Strategies for calculating confidence limits in forest inventories

Accurate confidence intervals for volume are indispensable for planning and decision-making in sustainable forest management and environmental regulation. This study evaluated, through extensive simulations, the robustness of statistical methods for estimating confidence limits. The database comprised simulated datasets from 64 scenarios combining two vegetation typologies, two sample distributions (Normal and Log-normal), four sample sizes (5–20 units), and four variability levels. Generalization was assessed in 28 additional scenarios using Gamma and Weibull distributions to represent conditions in Ombrophilous Forests. Confidence limits (90% probability) were estimated using four methods: (A) classical t-Student; (B) Percentile Bootstrap; (C) Jackknife-z; and (D) a median-based variant of A. Our results demonstrate the superior robustness of the classical Method A. It consistently delivered coverage probabilities nearest the nominal 90% level across all distributions, including symmetric (Normal), positively skewed (Log-normal, Gamma), and negatively skewed (Weibull) conditions. Even for the smallest sample size (n=5), Method A maintained reliable coverage (85.5–96.0%), while resampling methods showed significant undercoverage (often ≤85%), and the median-based approach introduced substantial bias.
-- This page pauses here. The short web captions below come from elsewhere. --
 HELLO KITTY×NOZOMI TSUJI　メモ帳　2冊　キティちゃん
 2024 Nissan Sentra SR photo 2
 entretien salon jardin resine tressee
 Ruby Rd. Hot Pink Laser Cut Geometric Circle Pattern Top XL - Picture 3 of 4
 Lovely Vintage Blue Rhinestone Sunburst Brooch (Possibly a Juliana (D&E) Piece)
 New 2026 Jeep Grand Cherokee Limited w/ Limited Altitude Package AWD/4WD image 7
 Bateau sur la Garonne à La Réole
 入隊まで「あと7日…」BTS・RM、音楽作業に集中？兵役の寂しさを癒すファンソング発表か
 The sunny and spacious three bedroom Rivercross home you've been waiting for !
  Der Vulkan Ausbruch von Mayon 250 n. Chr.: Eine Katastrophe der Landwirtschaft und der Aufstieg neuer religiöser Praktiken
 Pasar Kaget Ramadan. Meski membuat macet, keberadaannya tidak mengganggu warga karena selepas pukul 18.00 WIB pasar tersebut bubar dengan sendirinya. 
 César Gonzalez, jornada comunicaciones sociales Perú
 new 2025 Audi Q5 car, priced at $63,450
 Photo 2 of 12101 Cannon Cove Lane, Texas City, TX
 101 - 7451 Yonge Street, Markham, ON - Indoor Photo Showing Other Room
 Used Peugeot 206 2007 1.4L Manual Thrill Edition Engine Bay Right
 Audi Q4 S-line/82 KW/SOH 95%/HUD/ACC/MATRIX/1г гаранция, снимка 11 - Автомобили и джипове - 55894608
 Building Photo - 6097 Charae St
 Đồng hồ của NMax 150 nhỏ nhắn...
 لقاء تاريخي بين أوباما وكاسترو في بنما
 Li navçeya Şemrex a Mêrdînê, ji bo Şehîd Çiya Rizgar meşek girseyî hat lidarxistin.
We conclude that the classical t-based method provides the most reliable confidence limits for inventories with sampling constraints, proving robust under high variability and non-normal data without computationally intensive techniques. These findings, derived from a controlled simulation, provide a robust methodological framework; their application to field data should consider the specific characteristics of the target population.